No, because this is a poll only for if you _have_ switched. There's another one somewhere with your requested option on it, for those who _might_ switch


----------



## royfox (Apr 5, 2004)

On my results I sent to Virgin. it was about 20% of people that didn't have Virgin would be willing to sign up.. If I can recall, the total number of entries was around 320 people, so that was 64 people that would join..

Now I'm not sure if they had cable available, I know a few didn't... 

just thought you might like to know


----------



## 10203 (Nov 11, 2001)

Don't forget "Switched from Freesat"


----------



## Faz (May 2, 2004)

I could not switch from Sky+ quick enough!

Sometimes I wish I never had a Series 1 TiVo, oh the daily pain of using Sky+ was darkening my soul!


----------



## jonphil (Aug 7, 2002)

I can't find a way to edit the poll unfortunately  I knew I would finish up missing options off.


----------



## jonphil (Aug 7, 2002)

Faz said:


> I could not switch from Sky+ quick enough!
> 
> Sometimes I wish I never had a Series 1 TiVo, oh the daily pain of using Sky+ was darkening my soul!

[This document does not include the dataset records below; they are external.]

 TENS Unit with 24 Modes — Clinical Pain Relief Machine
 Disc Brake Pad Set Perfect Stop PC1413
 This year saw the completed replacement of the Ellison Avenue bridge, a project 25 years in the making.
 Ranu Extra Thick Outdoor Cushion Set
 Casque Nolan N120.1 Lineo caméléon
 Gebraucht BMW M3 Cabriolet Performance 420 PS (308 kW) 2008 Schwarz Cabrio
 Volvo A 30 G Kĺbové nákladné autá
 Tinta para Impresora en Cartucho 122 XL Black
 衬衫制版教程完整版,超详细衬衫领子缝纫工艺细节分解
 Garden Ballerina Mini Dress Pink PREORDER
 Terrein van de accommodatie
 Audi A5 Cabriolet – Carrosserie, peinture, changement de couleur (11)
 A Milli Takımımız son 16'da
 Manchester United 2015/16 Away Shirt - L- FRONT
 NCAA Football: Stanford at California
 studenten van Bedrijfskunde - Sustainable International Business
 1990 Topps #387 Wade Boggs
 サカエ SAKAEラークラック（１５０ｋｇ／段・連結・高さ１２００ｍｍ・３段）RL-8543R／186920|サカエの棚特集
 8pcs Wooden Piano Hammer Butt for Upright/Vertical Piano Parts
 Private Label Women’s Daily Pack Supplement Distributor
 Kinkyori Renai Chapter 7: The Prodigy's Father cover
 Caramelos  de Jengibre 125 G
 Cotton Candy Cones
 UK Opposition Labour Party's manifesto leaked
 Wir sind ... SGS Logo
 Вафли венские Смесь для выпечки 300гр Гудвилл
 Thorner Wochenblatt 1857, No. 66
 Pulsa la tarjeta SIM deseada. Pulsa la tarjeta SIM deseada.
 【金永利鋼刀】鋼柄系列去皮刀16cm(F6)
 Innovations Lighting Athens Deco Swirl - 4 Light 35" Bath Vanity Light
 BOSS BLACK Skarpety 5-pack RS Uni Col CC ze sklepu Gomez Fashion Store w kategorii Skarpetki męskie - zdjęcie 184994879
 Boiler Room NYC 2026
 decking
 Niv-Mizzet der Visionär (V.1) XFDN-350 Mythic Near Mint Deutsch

The number of times ours 'forgot' to record things I would have been so happy to throw the thing out the window.


----------



## Qu1nt (Feb 3, 2011)

I was quite happy with Sky HD tbh but whichever company finally grabbed TiVo was always going to get my business


----------



## mruddo (Jan 8, 2008)

royfox said:


> On my results I sent to Virgin. it was about 20% of people that didn't have Virgin would be willing to sign up.. If I can recall, the total number of entries was around 320 people, so that was 64 people that would join..


I was one of the other 256 who although a VM customer, put the Pace box in the loft along with the TiVo when Sky+ HD arrived. It was a sad day.  Some years later (and by pure coincidence on my birthday) the new TiVo arrived! 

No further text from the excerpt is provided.